Sun damage can cause unusual moles, skin texture changes, or rough, scaly patches. These symptoms may indicate the presence of precancerous or cancerous lesions that require immediate attention. If you see any sudden changes in the appearance of your existing moles or the emergence of new, irregularly shaped ones, see your skincare provider immediately. Fortunately, skin cancer can be highly treatable when detected early. Early intervention can significantly improve the outcomes of various skin conditions and ensure your skin's long-term health and vitality.

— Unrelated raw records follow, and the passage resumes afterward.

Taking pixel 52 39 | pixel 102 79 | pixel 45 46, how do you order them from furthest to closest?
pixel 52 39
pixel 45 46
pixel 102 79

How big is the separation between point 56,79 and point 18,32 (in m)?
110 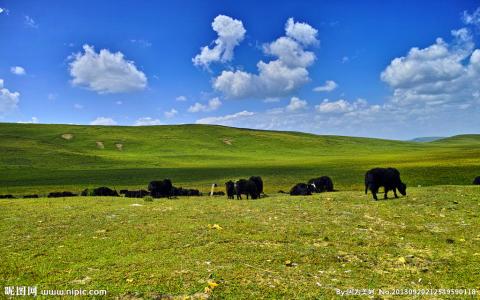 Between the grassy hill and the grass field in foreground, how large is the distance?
25.4 meters

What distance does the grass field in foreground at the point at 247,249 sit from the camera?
9.27m

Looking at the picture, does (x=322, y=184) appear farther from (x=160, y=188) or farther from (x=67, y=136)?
(x=67, y=136)

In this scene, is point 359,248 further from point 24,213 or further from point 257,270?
point 24,213

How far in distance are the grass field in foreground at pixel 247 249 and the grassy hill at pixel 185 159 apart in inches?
1002

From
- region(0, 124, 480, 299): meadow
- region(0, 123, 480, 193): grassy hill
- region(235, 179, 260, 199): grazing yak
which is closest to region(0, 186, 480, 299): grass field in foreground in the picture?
region(0, 124, 480, 299): meadow

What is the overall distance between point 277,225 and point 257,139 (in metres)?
149

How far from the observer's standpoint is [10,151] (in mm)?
100688

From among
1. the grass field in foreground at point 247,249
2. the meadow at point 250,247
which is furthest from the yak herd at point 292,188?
the grass field in foreground at point 247,249

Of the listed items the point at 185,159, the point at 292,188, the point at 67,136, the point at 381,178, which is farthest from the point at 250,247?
the point at 67,136

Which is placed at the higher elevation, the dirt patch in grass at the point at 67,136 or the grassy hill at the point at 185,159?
the dirt patch in grass at the point at 67,136

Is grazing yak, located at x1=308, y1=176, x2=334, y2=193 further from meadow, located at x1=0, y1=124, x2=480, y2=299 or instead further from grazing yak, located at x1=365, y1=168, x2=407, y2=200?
grazing yak, located at x1=365, y1=168, x2=407, y2=200

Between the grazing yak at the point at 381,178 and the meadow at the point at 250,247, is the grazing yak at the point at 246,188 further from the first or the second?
the grazing yak at the point at 381,178

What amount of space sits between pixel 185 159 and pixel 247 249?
3762 inches

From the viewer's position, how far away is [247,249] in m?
12.1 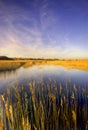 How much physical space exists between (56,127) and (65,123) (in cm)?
31

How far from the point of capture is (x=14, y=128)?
18.1 feet

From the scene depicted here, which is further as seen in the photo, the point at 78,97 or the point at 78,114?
the point at 78,97

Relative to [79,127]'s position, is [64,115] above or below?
above

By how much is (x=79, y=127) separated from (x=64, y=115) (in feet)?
1.94

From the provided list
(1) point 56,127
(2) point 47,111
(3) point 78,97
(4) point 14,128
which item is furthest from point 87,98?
(4) point 14,128

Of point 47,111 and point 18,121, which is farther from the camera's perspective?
point 47,111

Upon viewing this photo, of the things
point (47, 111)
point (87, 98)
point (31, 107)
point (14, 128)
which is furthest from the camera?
point (87, 98)

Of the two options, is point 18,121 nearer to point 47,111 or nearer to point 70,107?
point 47,111

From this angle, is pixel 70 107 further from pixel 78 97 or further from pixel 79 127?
pixel 78 97

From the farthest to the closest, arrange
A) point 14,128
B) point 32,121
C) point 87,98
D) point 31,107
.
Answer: point 87,98 → point 31,107 → point 32,121 → point 14,128

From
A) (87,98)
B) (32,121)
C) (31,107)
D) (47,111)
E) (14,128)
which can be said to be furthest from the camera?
(87,98)

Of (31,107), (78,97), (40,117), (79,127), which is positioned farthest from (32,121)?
(78,97)

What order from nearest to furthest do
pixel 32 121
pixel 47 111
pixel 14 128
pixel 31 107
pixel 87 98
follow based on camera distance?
pixel 14 128
pixel 32 121
pixel 47 111
pixel 31 107
pixel 87 98

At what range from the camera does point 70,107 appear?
6.65 meters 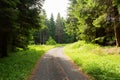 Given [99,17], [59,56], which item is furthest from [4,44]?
[99,17]

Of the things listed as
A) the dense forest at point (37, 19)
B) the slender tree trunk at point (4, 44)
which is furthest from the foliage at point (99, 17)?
the slender tree trunk at point (4, 44)

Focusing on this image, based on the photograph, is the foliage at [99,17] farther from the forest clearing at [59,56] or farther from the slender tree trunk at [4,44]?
the slender tree trunk at [4,44]

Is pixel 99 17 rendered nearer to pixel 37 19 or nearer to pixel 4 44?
pixel 37 19

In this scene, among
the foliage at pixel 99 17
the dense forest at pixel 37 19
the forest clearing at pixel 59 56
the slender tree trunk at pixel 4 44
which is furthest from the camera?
the slender tree trunk at pixel 4 44

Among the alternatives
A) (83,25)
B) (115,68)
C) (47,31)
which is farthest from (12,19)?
(47,31)

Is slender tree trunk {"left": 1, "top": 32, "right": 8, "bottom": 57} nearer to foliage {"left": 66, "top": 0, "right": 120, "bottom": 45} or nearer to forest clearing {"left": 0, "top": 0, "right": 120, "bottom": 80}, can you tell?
forest clearing {"left": 0, "top": 0, "right": 120, "bottom": 80}

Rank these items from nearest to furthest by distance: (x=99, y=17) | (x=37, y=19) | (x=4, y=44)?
(x=99, y=17)
(x=4, y=44)
(x=37, y=19)

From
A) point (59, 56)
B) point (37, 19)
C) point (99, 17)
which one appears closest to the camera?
point (99, 17)

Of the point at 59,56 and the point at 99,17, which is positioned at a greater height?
the point at 99,17

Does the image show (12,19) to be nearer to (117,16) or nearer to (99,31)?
(117,16)

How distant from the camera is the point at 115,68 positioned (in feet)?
53.7

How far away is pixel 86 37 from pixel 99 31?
3.26m

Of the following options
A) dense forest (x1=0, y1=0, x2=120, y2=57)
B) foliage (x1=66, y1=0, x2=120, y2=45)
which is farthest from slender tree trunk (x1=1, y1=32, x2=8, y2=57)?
foliage (x1=66, y1=0, x2=120, y2=45)

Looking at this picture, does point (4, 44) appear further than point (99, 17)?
Yes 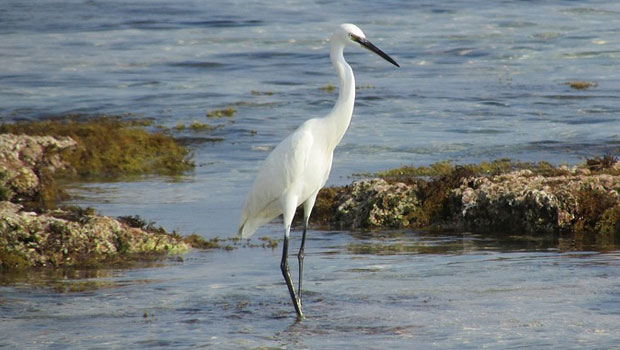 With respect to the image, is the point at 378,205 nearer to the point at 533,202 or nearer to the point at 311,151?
the point at 533,202

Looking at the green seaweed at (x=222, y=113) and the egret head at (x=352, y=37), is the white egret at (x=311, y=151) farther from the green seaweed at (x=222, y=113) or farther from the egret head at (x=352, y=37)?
the green seaweed at (x=222, y=113)

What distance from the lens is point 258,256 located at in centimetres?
932

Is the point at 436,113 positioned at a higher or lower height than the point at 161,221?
higher

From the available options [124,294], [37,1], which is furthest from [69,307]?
[37,1]

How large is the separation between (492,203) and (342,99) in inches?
119

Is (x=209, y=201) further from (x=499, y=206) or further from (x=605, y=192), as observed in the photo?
(x=605, y=192)

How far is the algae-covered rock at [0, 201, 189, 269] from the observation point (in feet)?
28.3

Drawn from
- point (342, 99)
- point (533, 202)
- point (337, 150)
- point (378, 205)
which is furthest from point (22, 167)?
point (337, 150)

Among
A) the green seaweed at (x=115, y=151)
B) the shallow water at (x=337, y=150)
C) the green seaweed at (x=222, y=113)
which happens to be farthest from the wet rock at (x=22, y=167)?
the green seaweed at (x=222, y=113)

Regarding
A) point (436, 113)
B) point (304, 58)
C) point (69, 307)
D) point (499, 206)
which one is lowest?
point (69, 307)

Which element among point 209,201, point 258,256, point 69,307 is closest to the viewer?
point 69,307

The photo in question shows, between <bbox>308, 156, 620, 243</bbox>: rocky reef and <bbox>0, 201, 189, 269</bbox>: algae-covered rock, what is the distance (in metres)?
2.18

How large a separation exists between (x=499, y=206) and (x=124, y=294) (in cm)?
408

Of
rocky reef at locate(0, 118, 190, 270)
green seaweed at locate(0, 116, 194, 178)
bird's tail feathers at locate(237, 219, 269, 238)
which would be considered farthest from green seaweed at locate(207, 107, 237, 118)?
bird's tail feathers at locate(237, 219, 269, 238) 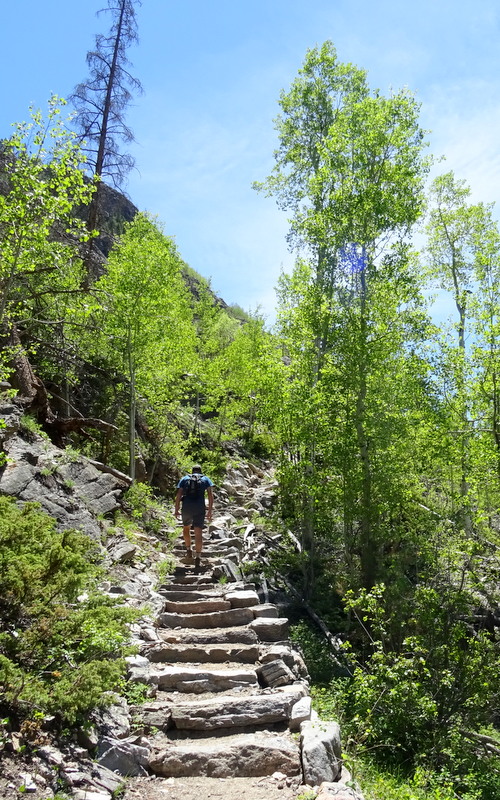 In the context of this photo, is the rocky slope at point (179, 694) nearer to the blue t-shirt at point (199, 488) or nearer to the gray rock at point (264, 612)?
the gray rock at point (264, 612)

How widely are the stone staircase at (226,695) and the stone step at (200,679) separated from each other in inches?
0.4

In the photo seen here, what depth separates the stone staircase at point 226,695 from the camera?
475 cm

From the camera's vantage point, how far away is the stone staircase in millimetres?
4754

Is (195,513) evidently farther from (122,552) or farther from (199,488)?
(122,552)

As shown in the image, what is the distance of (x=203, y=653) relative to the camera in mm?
7289

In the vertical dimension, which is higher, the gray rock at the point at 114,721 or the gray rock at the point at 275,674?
the gray rock at the point at 114,721

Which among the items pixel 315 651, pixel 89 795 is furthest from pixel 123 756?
pixel 315 651

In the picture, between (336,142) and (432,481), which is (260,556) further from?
(336,142)

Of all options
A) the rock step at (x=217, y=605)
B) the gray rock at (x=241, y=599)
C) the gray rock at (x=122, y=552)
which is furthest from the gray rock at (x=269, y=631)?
the gray rock at (x=122, y=552)

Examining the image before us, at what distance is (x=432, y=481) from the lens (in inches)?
636

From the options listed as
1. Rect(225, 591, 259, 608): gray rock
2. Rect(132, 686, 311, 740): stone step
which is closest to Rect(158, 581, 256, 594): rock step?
Rect(225, 591, 259, 608): gray rock

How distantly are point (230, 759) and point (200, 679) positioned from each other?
1.60 metres

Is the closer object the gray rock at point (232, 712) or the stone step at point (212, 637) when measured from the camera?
the gray rock at point (232, 712)

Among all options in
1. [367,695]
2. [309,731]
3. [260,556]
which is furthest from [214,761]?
[260,556]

In addition to sun-related concerns, dermatologists can help you with various skin issues, including persistent acne, eczema, psoriasis, and other chronic conditions. They can provide personalized treatment plans, recommend suitable skincare products, and offer guidance on lifestyle adjustments to promote skin health.

Keep in mind that your skin mirrors your general health, and you should promptly address any changes or concerns.

FAQs: Your Questions Answered

Here are some other commonly asked questions about the winter sun and its impact on the skin.

Can you tan in the winter sun?

While it's possible to tan in the winter sun, remember that tanning is a sign of skin damage. The FDA reports that increased melanin, or skin pigment, which causes your skin to turn tan, is a sign of damage — and prolonged sun exposure, even in winter, can contribute to premature aging and skin cancer. Use sunless tanning products instead if you want to maintain a bronzed look and maintain healthy skin.

Should I use sunscreen in winter?

Yes! Sunscreen is needed year-round; UV rays can cause skin damage even on cloudy days, and the reflective properties of snow increase your exposure. Choose a broad-spectrum sunscreen and apply it to all uncovered skin. This helps prevent sunburn and protects against long-term damage.

How to spot and treat sunburn in winter

Sunburn symptoms may be less apparent in winter than in summer. Look for redness, pain, and peeling, especially on exposed skin areas. Try aloe vera gel and over-the-counter pain relievers if you suspect a sunburn. To counteract dryness, keep your skin hydrated with a moisturizer, avoid further sun exposure, and consider wearing protective clothing until the sunburn is healed. If symptoms persist or worsen, seek medical attention.